Berdasarkan data kuartal III tahun 2020, perekonomian Indonesia secara teknis telah resmi masuk ke dalam jurang resesi. Pertumbuhan ekonomi pada kuartal III tahun 2020 terkontraksi 3,49 persen setelah pada kuartal sebelumnya mengalami kontraksi sebesar 5,32 persen. Kondisi ini menjadikan Indonesia mengikuti jejak negara-negara lain yang sudah terlebih dahulu masuk ke dalam jurang resesi ekonomi seperti Amerika Serikat, Italia, Inggris, Perancis, Jerman, Korea Selatan, Jepang, Singapura, Filipina, dan Thailand.
Guncangan ekonomi yang diakibatkan oleh pandemi virus Covid-19 sangatlah besar dan dahsyat (economic wide shock). Pandemi Covid-19 telah meluluhlantakkan seluruh aktivitas dan fundamental perekonomian nasional. Hampir tidak ada pelaku ekonomi yang mampu bertahan dan mengambil keuntungan dari terjadinya krisis ekonomi akibat pandemi Covid-19 ini. Bahkan sektor Usaha Mikro Kecil dan Menengah (UMKM) yang pada krisis ekonomi tahun 1998/1998 dan 2008 mampu menjadi penyelamat, pada resesi ekonomi saat ini menjadi korban yang paling menderita.

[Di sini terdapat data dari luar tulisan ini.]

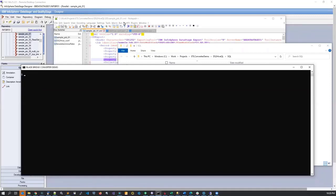Hello and welcome to a BladeBridge Converter demo. In this demo, I'll show how to convert DataStage code to SQL. Our converter is capable of converting DataStage code to pretty much any dialect of SQL, whether it's Snowflake, Synapse, Oracle, Redshift, and so on.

Guncangan ekonomi yang terjadi di dua sisi sekaligus (supply dan demand) mengakibatkan langkah pemulihan ekonomi semakin berat. Alternatif kebijakan yang dimiliki pemerintah semakin terbatas seiring dengan ruang fiskal yang semakin menyempit. Pendapatan negara berkurang signifikan padahal negara hampir kehilangan seluruh sumber pendapatannya dan di sisi lain negara membutuhkan tambahan pendapatan yang sangat besar untuk menyusun program penanggulangan pandemi Covid-19 mulai dari program testing, tracing, sampai treatment.
SCROLL TO CONTINUE WITH CONTENT
Program Pemulihan
Efek pandemi Covid-19 yang telah meluluhlantakkan seluruh sendi-sendi perekonomian nasional telah mendorong pemerintah untuk menyusun kebijakan program pemulihan ekonomi nasional (PEN). Langkah ini merupakan langkah tepat yang perlu diapresiasi dan didukung semua pihak. Namun tentunya, pemerintah bukanlah tukang sulap yang mampu mengubah kondisi dalam sekejap dengan hanya bermodalkan jampi-jampi dalam kitab perundang-undangan.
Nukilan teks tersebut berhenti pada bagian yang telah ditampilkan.